Celebración de los 50 años de ordenación sacerdotal de Monseñor Nicolás Cotugno
Mons. Nicolás Cotugno / Fuente: Fernando Polvarini

El miércoles 26 de julio, en la Catedral Metropolitana, la Iglesia celebró los 50 años de la ordenación sacerdotal de Monseñor Nicolás Cotugno, Arzobispo emérito de la Arquidiócesis de Montevideo.
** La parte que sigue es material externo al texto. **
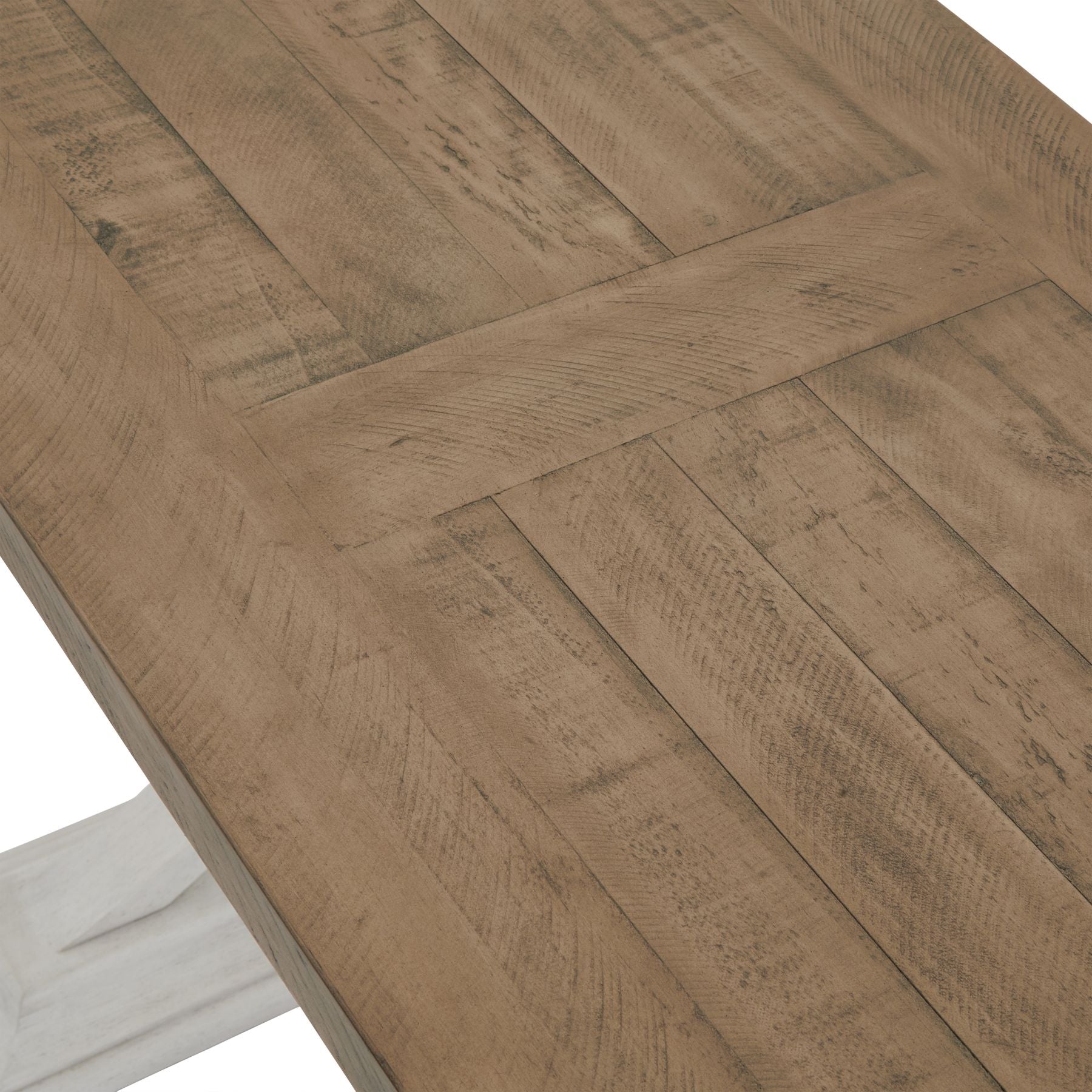 Luna Collection Console Table – Luxury Furniture, featuring a planked pine surface and off-white base. Premium modern design. Curated for elegance.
La Eucaristía fue presidida por el propio Monseñor Nicolás Cotugno y concelebrada por varios obispos del Uruguay, entre ellos el Cardenal Daniel Sturla. La Misa fue acompañada por medio millar de personas que quisieron estar cerca de quien durante 15 años fue pastor de la Iglesia montevideana.

“Jesús es la única meta de salvación de la humanidad”

Al comenzar la homilía, Mons. Nicolás Cotugno quiso agradecer al Cardenal Daniel Sturla y en él “a todos los presentes por acompañarme en esta acción de gracias”. También se dirigió especialmente “a María, la Purísima Inmaculada Concepción” para que “nos ayude a ser sacramento de salvación, siendo signo e instrumentos de Cristo Jesús Resucitado, sumo y eterno sacerdote”.

El Arzobispo emérito volvió a agradecer al Cardenal Daniel Sturla “por el ofrecimiento de celebrar estos 50 años de sacerdocio al que el Señor me llamó, en esta hermosa Catedral que me vio servir como pastor durante 15 años, a esta porción del pueblo de Dios”. Después saludó al Nuncio Apostólico, Mons. George Panikulam y a “sus hermanos obispos” presentes en la Misa.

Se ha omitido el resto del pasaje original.